Friday, May 23, 2008 by Mark Richardson

Council members spent more than three hours hearing presentations from five bidders Thursday on plans to redevelop the Green Water Treatment Plant and the Austin Energy Control Center. However, complaints also surfaced over the amount of public input and transparency of the multimillion-dollar project.

 

Five firms, mostly consortiums assembled by large development firms, spent one-half hour each making presentations to the Council on their plans for redevelopment of a five city-block area bounded by Cesar Chavez on the south, San Antonio Street on the north, Fourth Street on the East and the Seaholm Power Plant on West.

 

Catellus Development, Forest City, Simmons Vedder Partners, Stratus Properties, and Trammell Crow made presentations on Thursday, with each firm listing a number of local partners in their plans. Given the constraints of the project, many of the elements in the plans were similar, but there were significant differences, as well.

 

The Council is expected to make a decision on a developer on June 18, but apparently plans to keep a great deal of the process to itself and city staff. Mayor Will Wynn said he is confident that this Council is up to the job.

 

“Our experience in choosing, we believe, successful teams for our Mueller development, with Block 21, with the Seaholm property,” Wynn said. “This is the same format that allows for not only a significant period of time for not only public input of what we have seen from the development teams, but also substantial staff and consultant financial analysis of these things.”

 

Wynn did not say who the city’s consultants would be but he said city staff would mull over the proposals and make a recommendation. In fact, city officials are being tight-lipped about how much each of the companies is bidding on the project, with the Public Information Officer Gene Acuña saying, “The cost information is confidential until we negotiate and bring to Council a master development agreement with the successful proposer.”

 

So, although, the land has been appraised at $55.5 million, the amount accruing to the city from the sale will not be made public until negotiations are completed, a process that could take many months.

 

“Recognize there is a significant financial piece to this puzzle, although the actual purchase price of the property but also the potential public and private investments, everything from the affordable housing components can be bought down to and through shared public parking,” Wynn said. “So over the next two to three weeks the staff will be doing an in depth financial analysis of that important component of these five proposals before they make a recommendation to us early in June.”

 

Following the presentations, Council Member Mike Martinez asked Wynn if there were any public hearing planned for the proposals. Wynn said no, that he believed that in a situation like this, it would be too easy for one or more of the competing first to “pack the hearing” with their own people, drowning out the few that might be there to express their own opinion.

 

Earlier in the day, consumer activist Paul Robbins told Council Members that he believed it was a bad idea for the city to sell the property.

 

“The Central Business District is the supposed political cultural and mercantile nerve center in Austin.

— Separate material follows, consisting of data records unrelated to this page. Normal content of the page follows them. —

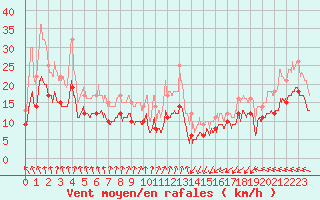 Courbe de la force du vent pour Dunkerque (59)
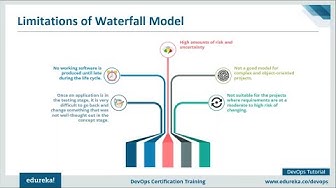 Limitations of Waterfall Model
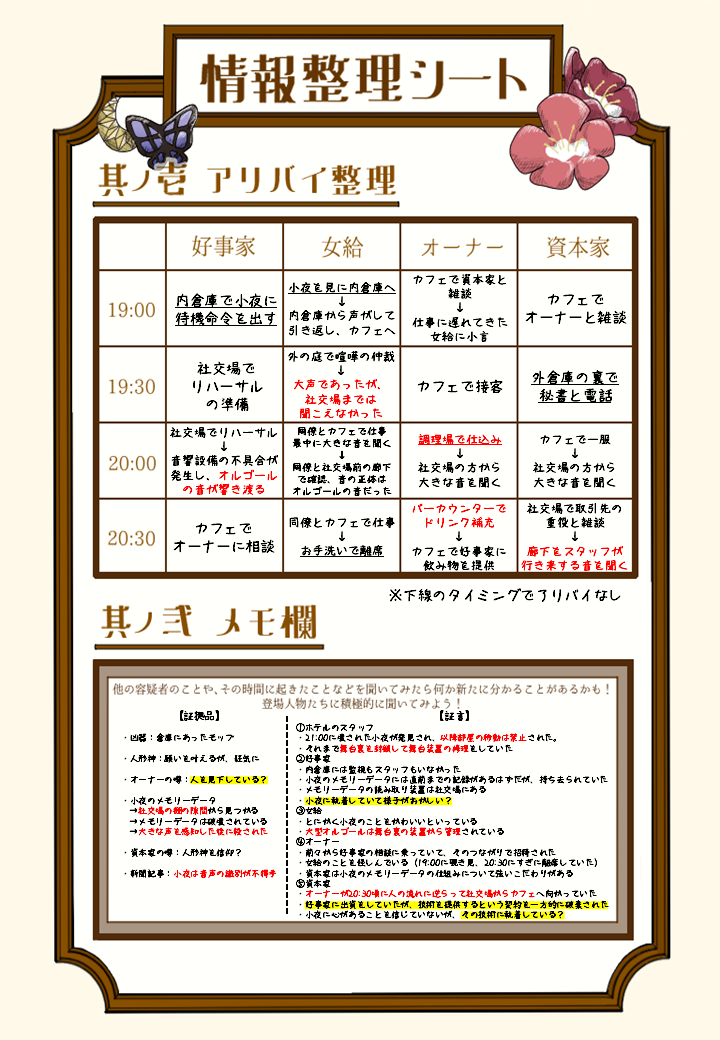 情報整理シート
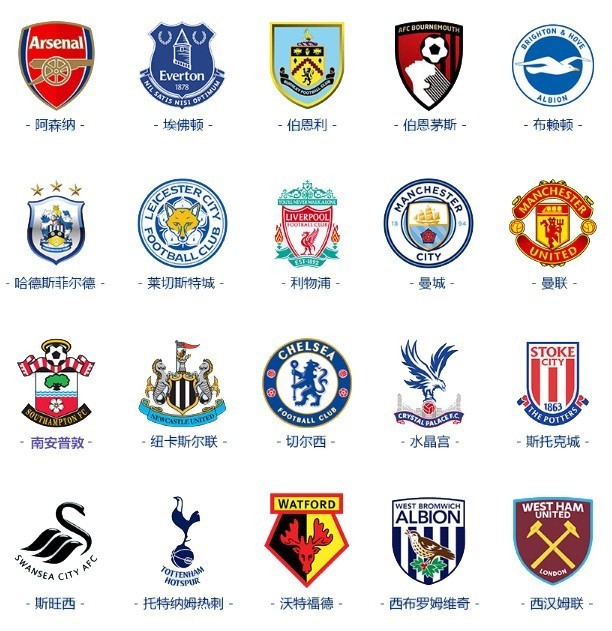 示范效应 示范效应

And despite all our modern communication technologies, personal presence and interaction are essential,” he said.  “Why are we leasing and selling valuable city land that we will need for office space and destination sites? Downtown land is only going to get more expensive. We need to hoard what we have left.”

 

Briefly, the five proposals included:

 

  • Trammell Crow – including Constructive Ventures and USAA Real Estate as  partners – is proposing a 350,000-square-foot hotel and a 250-unit senior assisted living facility in addition to condos, apartments, offices and retail businesses. Five public gathering spaces could accommodate as many as 2,700 people.
  • Stratus Properties proposal includes a two-story H-E-B grocery store, movie theater and bookstore to drive more traffic to the Second Street retail district. Stratus partner AMLI Residential is proposing the largest number of rental units, which would allow them to offer a wider range of housing prices. Other Stratus Partners include Canyon-Johnson Urban Fund, a partnership of Canyon Capital Realty Advisors and Magic Johnson Enterprises.
  • Simmons Vedder’s  team, including Austin firms Cotera + Reed Architects and Bury + Partners Engineering, is proposing to save energy by installing solar panels on the outside of its buildings, and use water collected from the condensation of air conditioners to flush the toilets. They are also proposing a waterfront art park and four bridges over Shoal Creek.
  • Catellus Development’s proposal is primarily residential, with 500,000 square feet of office space and 200,000 square feet of retail.
  • Forest City, with Novare Group and Andrews Urban, said it designed its buildings around its outdoor spaces, proposing a grand plaza at Second and Nueces with a fountain and transplanted moon tower. They also proposed a grand staircase inspired by the Spanish Steps in Rome connecting the plaza to the trail along Shoal Creek.

 

Each of firm’s presentations has been posted on the city Web site for public comments. (http://www.ci.austin.tx.us/seaholm/green.htm). Models of each of the projects are set up in the press room on the first floor of City Hall for public viewing. The public has until June 2 to make comments, the Mayor said.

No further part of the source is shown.